*** GIVEN INFORMATION ***
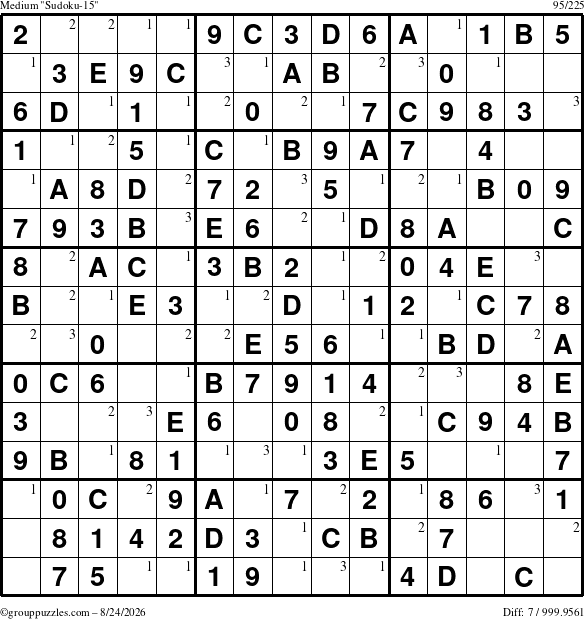The grouppuzzles.com Medium Sudoku-15 puzzle for Monday August 24, 2026 with the first 3 steps marked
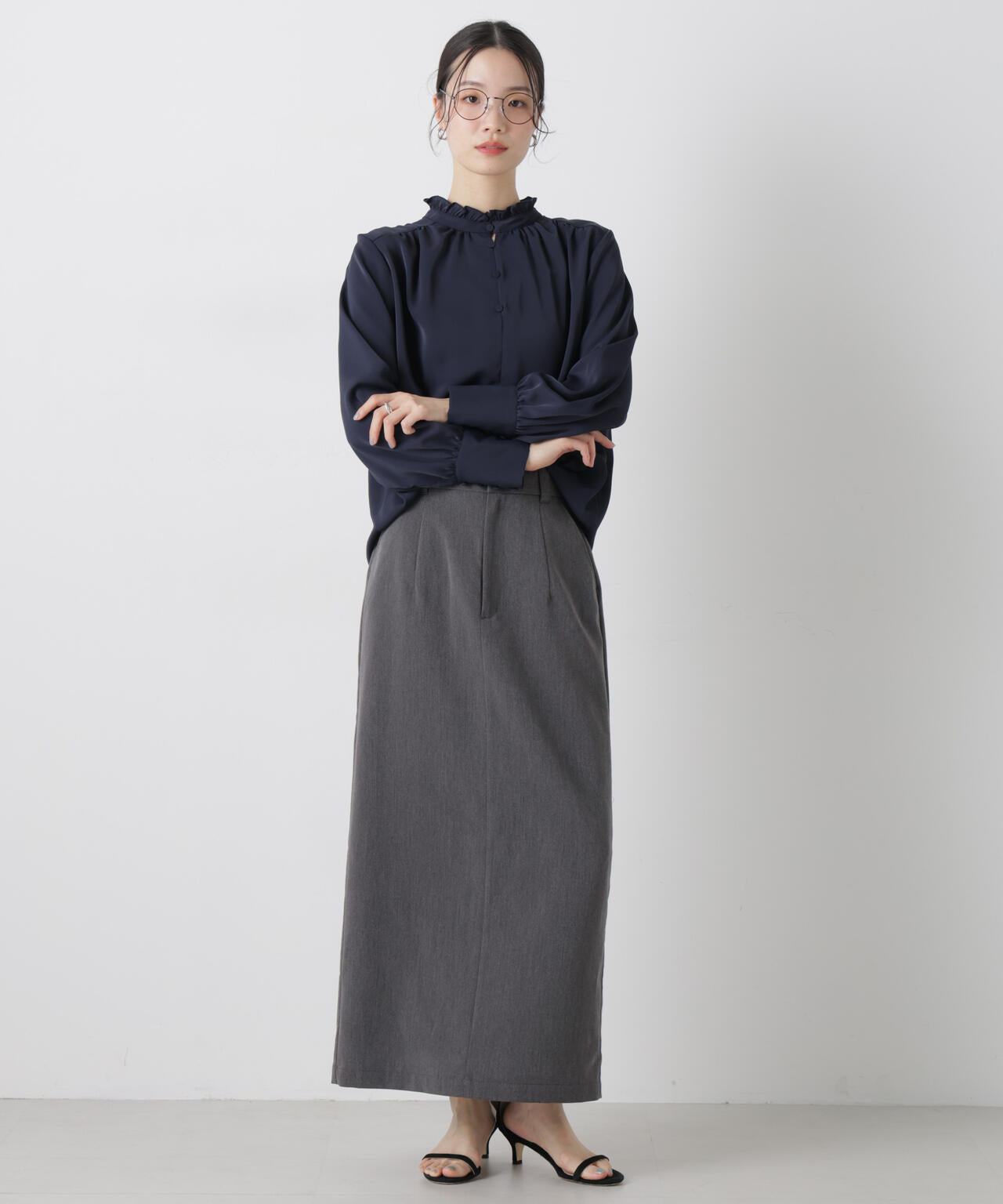 前後2wayスタンドカラーギャザーブラウス 6736120308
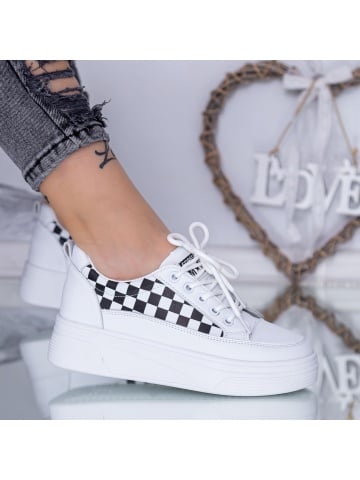Pantofi sport dama albi din piele naturala Emaerrys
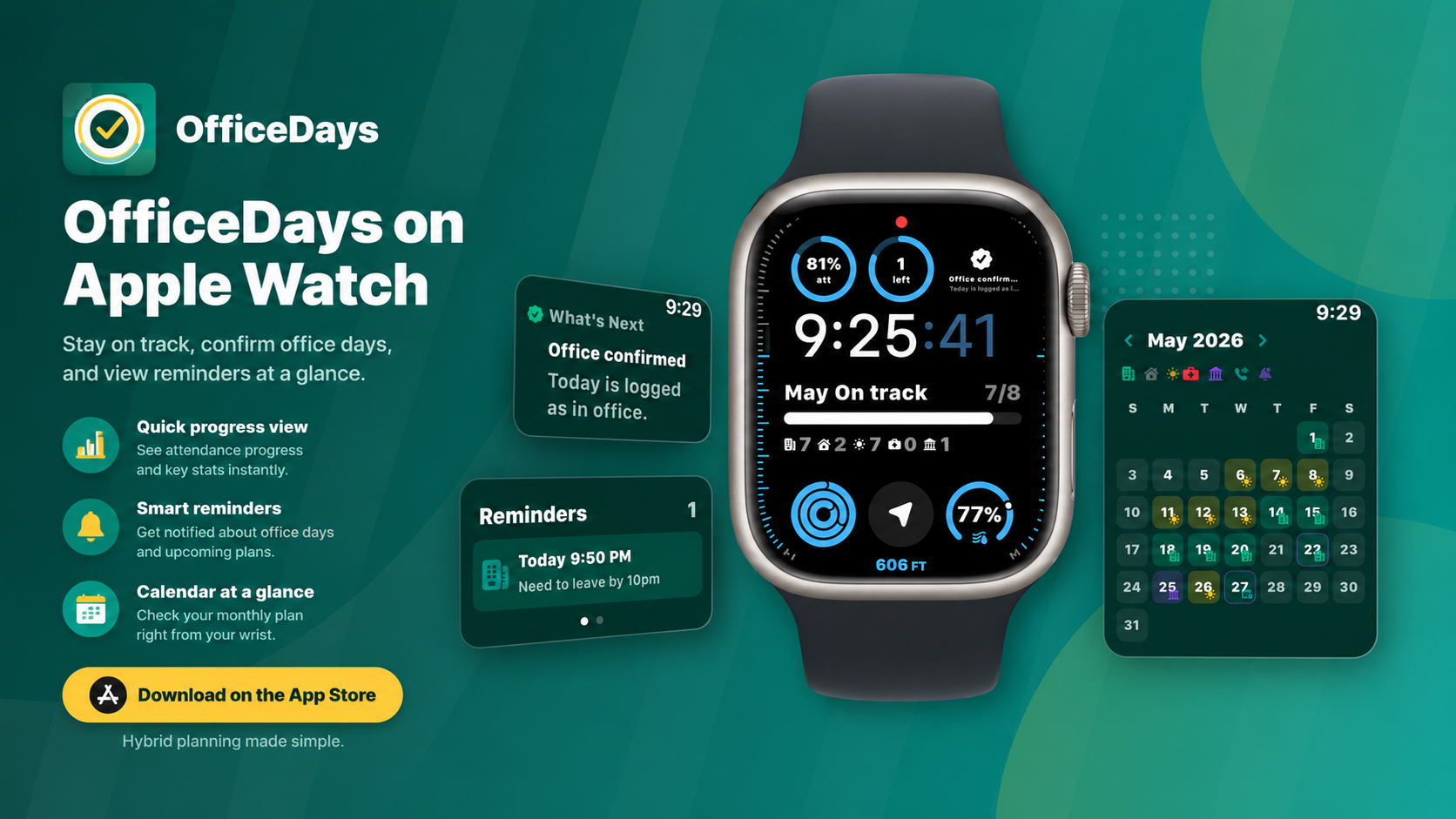 OfficeDays on Apple Watch promotional graphic showing progress, reminders, and calendar support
*** End of GIVEN INFORMATION ***
• **INSTRUCTIONS FOR THE TASK**: Quote the material exactly. Pictures stay out.

• **ANSWER TO THIS EXERCISE**:
The grouppuzzles.com Medium Sudoku-15 puzzle for Monday August 24, 2026 with the first 3 steps marked
 前後2wayスタンドカラーギャザーブラウス 6736120308
Pantofi sport dama albi din piele naturala Emaerrys
 OfficeDays on Apple Watch promotional graphic showing progress, reminders, and calendar support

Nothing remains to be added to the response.